Dubai now has two beds for every thousand of the population, an increase of nearly 14 per cent since 2012, thanks to the support of the Government in “creating an investor friendly environment”, Knight Frank concludes.

It adds: “Comparing Dubai in terms of number of beds…we see that there is significant potential for growth in the healthcare centre.”

Last month, a major healthcare industry report warned that the UAE needs better cancer facilities and far more nurses.

As a destination for health tourism, Dubai ranks first in the Middle East and North Africa region (MENA) 16th in the world.

Two years ago, it attracted 325,000 medical tourists every year.
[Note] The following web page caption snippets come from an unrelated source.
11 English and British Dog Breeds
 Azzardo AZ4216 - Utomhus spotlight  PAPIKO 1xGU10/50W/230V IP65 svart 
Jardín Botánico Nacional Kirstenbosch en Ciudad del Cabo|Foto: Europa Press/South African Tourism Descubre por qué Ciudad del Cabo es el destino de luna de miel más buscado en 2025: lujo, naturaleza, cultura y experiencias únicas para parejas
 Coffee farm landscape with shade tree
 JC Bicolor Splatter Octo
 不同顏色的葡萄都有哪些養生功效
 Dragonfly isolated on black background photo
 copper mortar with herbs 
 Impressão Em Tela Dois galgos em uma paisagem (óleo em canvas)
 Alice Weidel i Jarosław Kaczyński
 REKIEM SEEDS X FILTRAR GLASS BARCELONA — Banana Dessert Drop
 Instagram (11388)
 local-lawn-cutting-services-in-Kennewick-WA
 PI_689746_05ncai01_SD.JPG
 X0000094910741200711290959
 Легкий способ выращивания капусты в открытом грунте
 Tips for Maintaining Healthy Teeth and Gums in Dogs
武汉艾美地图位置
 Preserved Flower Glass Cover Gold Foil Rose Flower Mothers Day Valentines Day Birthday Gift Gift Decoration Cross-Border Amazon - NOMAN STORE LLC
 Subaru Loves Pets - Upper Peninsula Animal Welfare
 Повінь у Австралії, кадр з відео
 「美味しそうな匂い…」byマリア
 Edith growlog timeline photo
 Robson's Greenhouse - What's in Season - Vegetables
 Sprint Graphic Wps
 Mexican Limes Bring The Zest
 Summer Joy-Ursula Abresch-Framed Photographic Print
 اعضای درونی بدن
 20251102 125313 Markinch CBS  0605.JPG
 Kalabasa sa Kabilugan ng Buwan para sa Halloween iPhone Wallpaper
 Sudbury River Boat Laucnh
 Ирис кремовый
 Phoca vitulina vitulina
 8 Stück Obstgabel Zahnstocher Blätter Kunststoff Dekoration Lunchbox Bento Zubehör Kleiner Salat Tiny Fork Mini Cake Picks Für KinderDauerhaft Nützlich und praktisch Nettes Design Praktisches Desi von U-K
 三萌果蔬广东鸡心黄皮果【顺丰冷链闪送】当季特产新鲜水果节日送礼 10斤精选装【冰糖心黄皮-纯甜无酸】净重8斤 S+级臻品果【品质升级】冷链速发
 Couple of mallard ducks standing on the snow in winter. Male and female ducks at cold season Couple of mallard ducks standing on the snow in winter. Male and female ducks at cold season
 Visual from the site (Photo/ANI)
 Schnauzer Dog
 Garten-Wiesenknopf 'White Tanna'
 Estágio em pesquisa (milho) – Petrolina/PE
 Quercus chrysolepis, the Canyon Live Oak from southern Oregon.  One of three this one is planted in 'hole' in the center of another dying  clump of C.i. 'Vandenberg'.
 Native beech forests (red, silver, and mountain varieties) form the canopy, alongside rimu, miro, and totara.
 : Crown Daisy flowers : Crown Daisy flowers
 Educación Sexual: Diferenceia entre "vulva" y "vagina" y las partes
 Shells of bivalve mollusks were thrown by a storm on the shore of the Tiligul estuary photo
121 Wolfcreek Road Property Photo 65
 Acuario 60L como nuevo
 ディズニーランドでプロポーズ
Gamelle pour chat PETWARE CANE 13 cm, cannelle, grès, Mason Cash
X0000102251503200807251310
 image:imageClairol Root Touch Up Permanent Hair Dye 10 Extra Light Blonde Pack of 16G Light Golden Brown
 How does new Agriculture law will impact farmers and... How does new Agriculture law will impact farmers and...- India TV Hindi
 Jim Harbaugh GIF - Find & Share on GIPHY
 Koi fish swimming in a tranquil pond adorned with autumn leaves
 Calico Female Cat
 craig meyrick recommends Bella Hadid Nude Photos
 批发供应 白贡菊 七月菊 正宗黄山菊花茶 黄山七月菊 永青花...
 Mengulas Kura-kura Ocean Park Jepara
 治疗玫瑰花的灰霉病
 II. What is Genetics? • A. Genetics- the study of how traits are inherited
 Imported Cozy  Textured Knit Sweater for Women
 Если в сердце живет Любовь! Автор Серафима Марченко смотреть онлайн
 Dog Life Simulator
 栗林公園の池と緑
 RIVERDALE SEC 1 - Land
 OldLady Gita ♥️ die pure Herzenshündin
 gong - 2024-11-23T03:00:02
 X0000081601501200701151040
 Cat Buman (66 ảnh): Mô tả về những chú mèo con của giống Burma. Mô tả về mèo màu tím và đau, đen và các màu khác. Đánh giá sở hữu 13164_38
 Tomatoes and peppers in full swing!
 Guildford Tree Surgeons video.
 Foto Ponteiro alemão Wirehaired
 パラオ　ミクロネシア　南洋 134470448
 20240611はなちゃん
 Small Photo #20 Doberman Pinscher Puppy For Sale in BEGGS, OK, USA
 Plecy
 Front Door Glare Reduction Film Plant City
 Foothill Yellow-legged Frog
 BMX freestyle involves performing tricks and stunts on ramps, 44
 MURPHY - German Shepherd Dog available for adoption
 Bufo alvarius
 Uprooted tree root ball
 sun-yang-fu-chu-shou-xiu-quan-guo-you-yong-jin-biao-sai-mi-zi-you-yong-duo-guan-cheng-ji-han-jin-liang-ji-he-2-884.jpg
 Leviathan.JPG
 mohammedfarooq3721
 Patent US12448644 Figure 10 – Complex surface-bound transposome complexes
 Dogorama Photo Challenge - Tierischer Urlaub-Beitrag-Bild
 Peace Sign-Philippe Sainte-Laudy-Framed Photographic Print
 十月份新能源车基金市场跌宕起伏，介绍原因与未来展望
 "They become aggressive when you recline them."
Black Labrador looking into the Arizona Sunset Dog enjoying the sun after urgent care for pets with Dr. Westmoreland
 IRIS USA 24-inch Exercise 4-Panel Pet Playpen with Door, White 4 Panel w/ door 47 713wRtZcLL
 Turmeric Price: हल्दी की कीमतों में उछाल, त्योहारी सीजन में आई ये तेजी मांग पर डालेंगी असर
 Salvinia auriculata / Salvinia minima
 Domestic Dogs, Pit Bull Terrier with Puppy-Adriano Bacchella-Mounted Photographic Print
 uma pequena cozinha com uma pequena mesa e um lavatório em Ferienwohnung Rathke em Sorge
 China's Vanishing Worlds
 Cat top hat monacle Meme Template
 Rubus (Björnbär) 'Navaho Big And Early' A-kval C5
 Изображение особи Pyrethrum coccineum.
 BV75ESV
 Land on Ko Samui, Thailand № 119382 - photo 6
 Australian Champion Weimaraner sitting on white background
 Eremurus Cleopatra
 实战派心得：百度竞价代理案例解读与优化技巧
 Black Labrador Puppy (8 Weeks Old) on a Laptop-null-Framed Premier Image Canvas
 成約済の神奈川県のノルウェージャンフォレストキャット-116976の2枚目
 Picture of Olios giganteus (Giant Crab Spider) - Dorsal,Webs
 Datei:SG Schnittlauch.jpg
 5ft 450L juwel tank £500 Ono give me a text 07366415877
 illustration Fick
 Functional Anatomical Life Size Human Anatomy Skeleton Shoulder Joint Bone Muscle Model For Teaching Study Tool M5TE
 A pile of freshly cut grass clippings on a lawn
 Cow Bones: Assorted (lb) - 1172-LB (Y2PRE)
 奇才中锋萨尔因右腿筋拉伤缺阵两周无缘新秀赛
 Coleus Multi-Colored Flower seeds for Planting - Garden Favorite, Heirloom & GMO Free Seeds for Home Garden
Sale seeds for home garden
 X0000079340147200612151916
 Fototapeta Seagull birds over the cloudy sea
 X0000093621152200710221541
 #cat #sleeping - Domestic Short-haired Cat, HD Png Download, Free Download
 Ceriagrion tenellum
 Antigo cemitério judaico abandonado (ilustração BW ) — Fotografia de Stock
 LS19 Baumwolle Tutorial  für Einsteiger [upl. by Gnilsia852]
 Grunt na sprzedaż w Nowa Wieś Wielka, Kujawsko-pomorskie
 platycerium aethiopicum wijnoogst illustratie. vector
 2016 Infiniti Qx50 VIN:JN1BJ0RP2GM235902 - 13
By 2020 this is expected to rise to half a million.

Market demand will increasingly be for specialist services, the Hub report says, with a shortage of specialists in areas like diabetes, obesity and high blood pressure.

The medical Hub report is just one of a series to be released by Frank Knight in 2018, with the aim of benchmarking Dubai against seven other key global cities in key sectors.

They include tourism, education, financial services, manufacturing, and property, while the cities covered are Sydney, Shanghai, New York, London, Paris, Hong Kong and Singapore.

At an average of US$194, though, Dubai’s room is second only to New York, the costliest at $259 per night.

When it comes to registering a new business, Dubai takes an average of eight days, more than most of its rivals, but still much easier than China, where it takes 23 days.

For its quality of education, Dubai is second only to Singapore.

In key education subjects like maths, science and reading, Dubai ranks lowest in the group, while its tertiary education enrolment rate, at 16.8 percent, compares with nearly 95 per cent in the US.

Those looking to buy property and with a million dollars to spend will find that it buys them 138 square metres in Dubai, compared with 28 square metres in London and just 19 square metres in Hong Kong.

Knight Frank says that Dubai’s "transformation and development as a city over the last decade is certainly unmatched on a regional basis and arguably even on a global basis".

“Overall, Dubai’s status as a global hub with only continue to strengthen,” it concludes.